The Association for Renewable Energy and Clean Technology (REA) has indicated the UK’s renewable industry has shown “great resilience and ingenuity” with the government having failed to match its net zero commitments.
Disclosed within the REview22 report, the UK met 13.6% of its total energy consumption from renewables at the end of 2020. Despite this being a positive for the industry, the UK missed the European Union’s Renewable Energy Directive (RED) in which the UK committed to deriving 15% of consumption from renewables by 2020.
In order to increase the total consumption from renewable energy, several aspects need to be explored and boosted to provide a budding system full of renewable potential. One of which is to increase grid connectivity and reduce the drastic delay times being witnessed in energy project development.
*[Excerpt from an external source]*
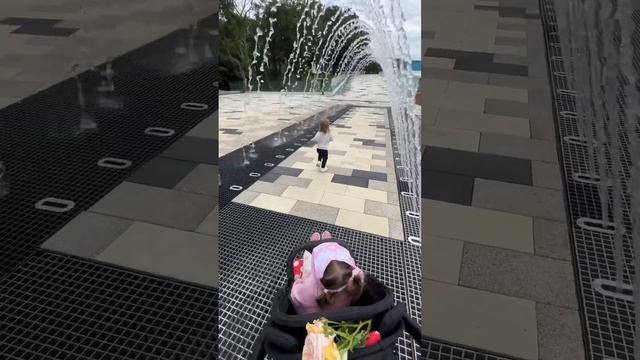 СОФИЯ , РОЗЫ  и ФОНТАН #baby #kids #дети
In September, Current± reported that connection applications quadrupled in the past four years as the renewable energy sector has grown and the need for battery-stored energy has increased ahead of Britain’s impending net zero targets.
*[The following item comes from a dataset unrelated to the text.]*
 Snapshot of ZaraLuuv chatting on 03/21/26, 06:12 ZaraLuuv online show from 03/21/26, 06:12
Despite this, the UK is still on track for periods of net zero electricity by 2025, ahead of full decarbonisation by 2035.
The growth of the sector financially has also been represented within the REA report. It stated that the market value of the sector will more than double from around £22 billion in 2020, to £46 billion by 2035.
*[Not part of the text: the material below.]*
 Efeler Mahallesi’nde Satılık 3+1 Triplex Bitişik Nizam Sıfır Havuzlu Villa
“Despite the immense challenges facing a whole range of sectors over the past few years, REview22 highlights the continued resilience and ingenuity of the renewable energy and clean technology industry,” said Dr Nina Skorupska CBE, CEO of Association for Renewable Energy and Clean Technology.
“We are projecting that thousands of new jobs and billions of pounds will be added by the sector by 2035, and these figures could be even greater should the government deliver the right support. Of course, these numbers are by no means guaranteed if the government continues to provide patchy and unreliable policy.”
Patchy and unreliable policy can be traced back to the government’s Green Homes Grant. The grant was first introduced in September 2020 and closed in early 2022 having been plagued with issues throughout its lifespan. One of the primary issues had been the long delays due to the scheme having been administered by American firm ICF.
It was reported that members of the public had been waiting months to be issued vouchers and there being delays in installers being paid. This had led the Environmental Audit Committee to describe the domestic decarbonisation support as “woefully inadequate”.
The REA has previously called on the government to improve grid connections and boost investor confidence. The trade association has urged the government to remove policy blockages so that the sector is prepared for a mass rollout of small, medium and large-scale projects to accelerate renewable deployment.